Diretor da Sociedade Brasileira de Imunizações, Renato Kfouri afirma que é mais preocupante coinfecções de vírus de doenças diferentes do que da mesma

Produzido por Juliana Alves, da CNN, em São Paulo
12 de julho de 2021 às 11:16

O caso de uma mulher belga de 90 anos que morreu de Covid-19, em março, por infecção de duas variantes do coronavírus ao mesmo tempo ainda é considerado raro pelos especialistas, afirmou o médico infectologista e diretor da Sociedade Brasileira de Imunizações, Renato Kfouri.

Em entrevista à CNN nesta segunda-feira (12), o infectologista explicou que, em 2020, a primeira temporada da Covid-19 teve o vírus circulando sozinho, sem variações nem mesmo predominância de outros vírus respiratórios. "Não tivemos em nenhum lugar do mundo circulação simultânea com outros vírus respiratórios comuns no inverno, como o da gripe e vários outros."

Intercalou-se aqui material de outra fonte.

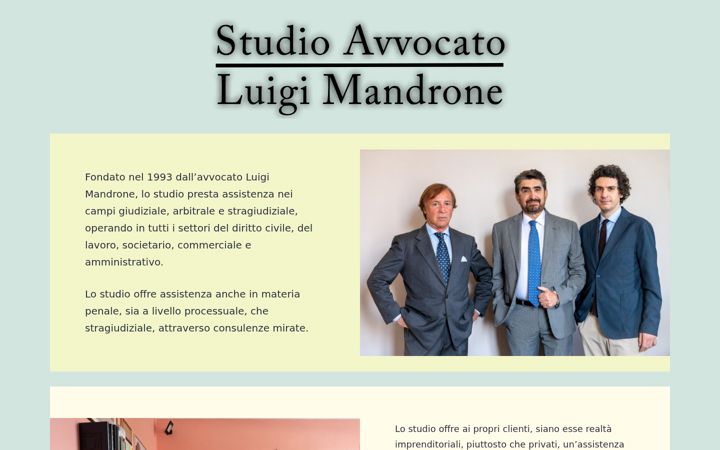 Screenshot of avvocatomandrone.it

Conforme o surgimento de novas variantes vai afastando geneticamente o vírus em circulação da cepa original, que apareceu em Wuhan, o médico disse que surge a oportunidade para infecções simultâneas. "É possível que encontremos casos de uma mesma pessoa ter mais de uma variante. Mas isso é uma raridade ainda", disse Kfouri.

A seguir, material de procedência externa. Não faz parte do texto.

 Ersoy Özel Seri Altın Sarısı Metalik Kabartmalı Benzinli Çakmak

Ainda segundo o infectologista, a comunidade médica acredita que infecções simultâneas devem ocorrer de forma esporádica em pessoas com resposta imune deficiente, porém, este não é o maior risco. "Me preocupa mais coinfecções de Covid-19 [ao mesmo tempo] com a gripe ou resfriado, com outros vírus do que propriamente duas variantes do coronavírus. Esse é o cenário que nos preocupa e estamos de olho no inverno."